Sunday, April 8, 2012

D-day has arrived...kinda, sort've

And by D-day, I mean decision day. I recently (yesterday), got my contract renewal survey in the mail. This survey basically asks me whether or not I want to stay in Japan for another year of teaching or if I want to decline and return to the states. There are also a few other options; 3-months, 6-months and a 9-months renewal. My gut reaction upon getting this in the mail was basically just a feeling of pressure. There are still 5 months left on my current contract but the company is only giving me until the 21st of April to make this decision. Part of me thinks that's crazy because a lot can happen in 5 months and feelings can change. However, I know they have a lot of work to do on their side with finding a new replacement teacher and processing various visa and immigration paperwork. Needless to say, I'm feeling a bit anxious about this decision and I'm quite torn as well.

Why am I torn? Well, as many of you know, I really like Japan and I have for a long time. I've spent a large part of my life (more than I'd sometimes like to admit) trying to find a way to get over here. So I found that way and here I am. Now, is it everything I thought it would be? Not exactly. I don't have the freedom I thought I'd have in terms of traveling the country and I'm in a rural location. I'm not opposed to countryside Japan, but I definitely have a desire to be somewhere a little more urban, especially considering I've gotten used to that coming here from Los Angeles. I just find it more exciting. So what am I getting at? Well, I've applied for a marketing job in Tokyo and I'm pretty darn sure that if I got it, I wouldn't hesitate to take it. It's quite rare to find a job here in Japan that isn't as an English instructor and still pays well (for us foreigners anyway). The way I feel now is that if I don't get a job somewhere more urban (Tokyo or even Osaka for example), that I'll more than likely be heading back to LA. (By the way, I'm listening to Perfume's most recent album "JPN" as I write this post. It's quite catchy electro J-pop). Another option I'm considering is applying to GABA. It's still teaching, but it's got plenty of locations in Tokyo. You can create your own schedule and it's one-on-one instruction, which I think suits me better than a full class of screaming children. I do enjoy teaching English, but to those that really want to learn and have a genuine interest. Not so much for a group of kids where a majority of them are there because their parents want them to be there and they themselves hate it. So the idea of teaching someone who paid their own hard-earned money to learn English from a private instructor really intrigues me and I think it could be far more rewarding.

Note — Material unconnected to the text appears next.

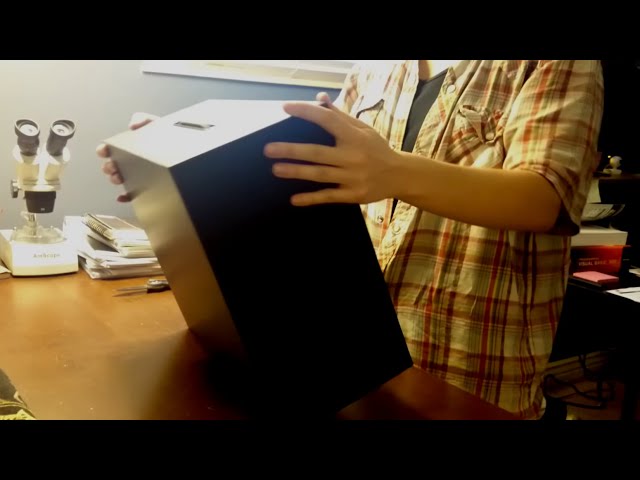 ASMR - Oculus Rift Unboxing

I've had very interesting experiences here in Japan so far; some bad and some good. I know for certain now that teaching large groups of children English isn't in my blood, so to speak, but that's something I'd never have known if I hadn't tried. I simply don't have the patience for it and I know that about myself. No big deal, it just is what it is. Some people aren't cut out for construction jobs...you get my point. Per usual, I'll keep you all informed as to my next step, but for now, keep hanging on to the edge of your seat.

My train's home are often like this.
My boy Matt runnin' his crepe shop.
French salad flavored chips. Umm...
This makes me laugh...though I'm not sure why.
Damn I look good here.
I don't remember what this tasted like.
The double-down! Named the Double Chicken Fillet here.
It is what it is.
Matt gettin' ready to do work.
Korean snackies. Topoki...sweet and spicy...oh and tasty!